C'est de Nancy, où sa famille se trouve à ce moment-là, qu'il partira pour quatre ans de vagabondage en France et en Italie, où il se rendra en compagnie d'une caravane de Bohémiens rencontrés en Bourgogne. Pendant cette période, il exerce divers métiers : journaliste, professeur, matelot, docker à Naples et Bordeaux. Bohème régionale et internationale, et bohème parisienne à partir de 1875 ; c'est à ce moment-là qu'il commence à fréquenter Raoul Ponchon, Maurice Rollinat, Charles Cros, Paul Bourget, entre autres. Bien sûr, il sera de la fine équipe du Chat Noir, s'illustrant aux côtés des Rollinat et autres Mac-Nab et Alphonse Allais.

En 1876, c'est le succès de La Chanson des Gueux, dont les thèmes principaux sont à la mode depuis Victor Hugo. Un procès est intenté à Richepin, à l'issue duquel quelques vers sont censurés, un poème entier supprimé et le poète mis sous les verrous pour un mois, qu'il passera à la prison de Sainte-Pélagie (Pélago, comme il l'écrira par la suite dans des poèmes)... et où, paraît-il, il se comporte en « gai compagnon, fabriquant une excellente salade avec le bœuf et les pommes de terre de l'État et les harengs achetés par les détenus ». Il en sort, désormais célèbre bien au-delà des cercles littéraires, et sa riche carrière littéraire va pouvoir se développer sans problème. Mais est-ce à ce moment-là aussi comme je l'ai lu dans certaines biographies, qu'il va bourlinguer quelque temps sur les mers et fera même le débardeur ou n'est-ce pas plutôt entre 1870 et 1875 ? En tout cas, de ses aventures marines, il tirera La Mer, que, depuis quelques jours, je tiens pour un de ses meilleurs recueils.

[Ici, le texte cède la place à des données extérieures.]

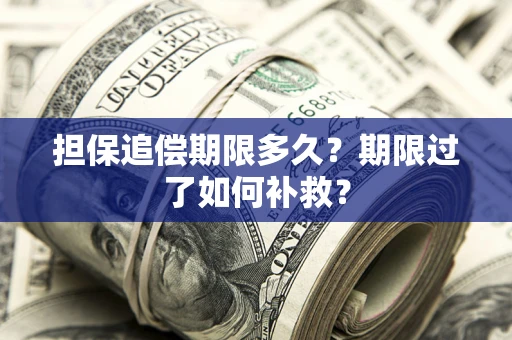 武汉担保追偿期限多久？期限过了如何补救？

Sur le plan privé, outre de multiples aventures, il s'est marié deux fois et a eu plusieurs enfants dont deux, Jacques et Tiarko, se sont fait connaître dans le domaine artistique, Jacques par des poèmes et des chansons, Tiarko par des musiques de films.

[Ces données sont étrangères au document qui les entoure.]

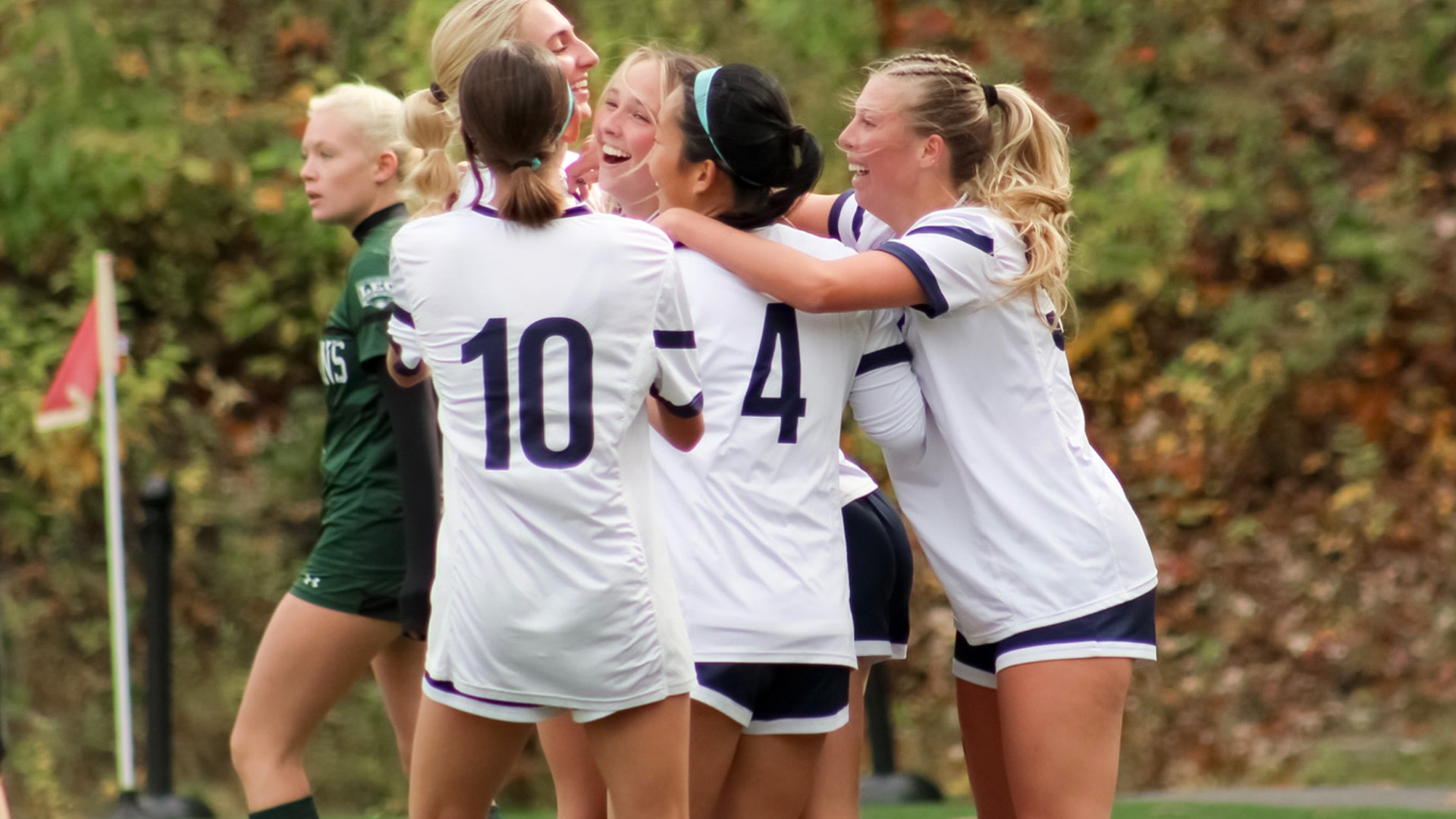 Team Celebrates a Goal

C'est en 1909 que Jean Richepin est élu à l'Académie française au fauteuil d'André Theuriet, au 4e tour avec 18 voix sur 32 votants, devant Edmond Haraucourt et Henri de Régnier. Maurice Barrès prononce le discours de réception. Richepin, la grande gueule croulant sous les honneurs, voilà qui déçoit beaucoup de ceux qui aiment ses textes virulents et provocateurs ! Plus encore, son attitude par rapport à la guerre de 14-18 en surprend plus d'un, surtout lorsqu'on a en tête, sur le sujet, les poèmes de Victor Hugo, poète qu'entre tous il admirait. Or, dans ses écrits, en particulier dans ses Proses de guerre de 1915, on retrouve au service d'une idéologie guerrière et de haine des Allemands toute la véhémence qu'on lui connaissait contre le Bourgeois. Bien sûr, il faut tenir compte du contexte historique, tout le monde n'avait pas les idées de Jaurès, et ce fils de militaire ne voyait sans doute pas de contradiction entre sa compassion pour les Gueux et son patriotisme exacerbé.

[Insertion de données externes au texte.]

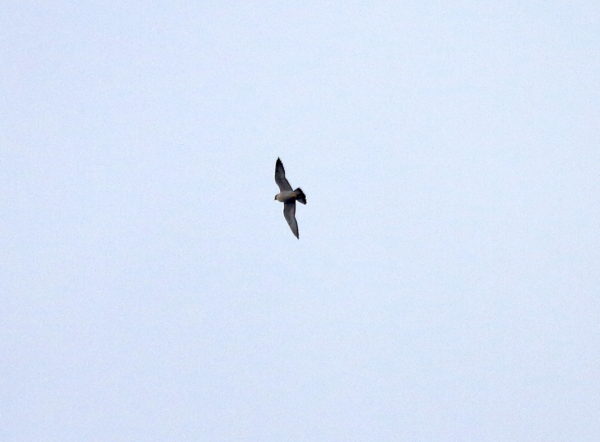 Peregrine Falcon flying over Washington Square Park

Quoi qu'il en soit, compte tenu de ce type de patriotisme revendiqué, je ne m'étonne guère que, trois ans avant la guerre, cet ancien élève de l'École Normale, ce brillant artisan du verbe ait volontiers accepté la présidence de la Ligue pour la Défense de la Culture Française, pour protester, en termes cocardiers, notamment avec Barrès (encore lui), René Bazin, Henri Massis, contre une réduction des horaires de grec et de latin !

Richepin vivra jusqu'à 77 ans. Il meurt en 1926, sans doute d'une bronchite suivie d'une congestion. Sa famille lui fait des obsèques catholiques. Pourtant, à ma connaissance, il n'avait jamais renié son athéisme militant.

1 >Ce point est développé notamment sur le site Terascia, le portail de l'Avesnois-Thiérache.
2 >Howard Sutton, Life and work of Jean Richepin, Genève, Droz, 1961, le seul ouvrage existant sur la vie et l'œuvre de Richepin. Je lui ai emprunté quelques citations ou anecdotes.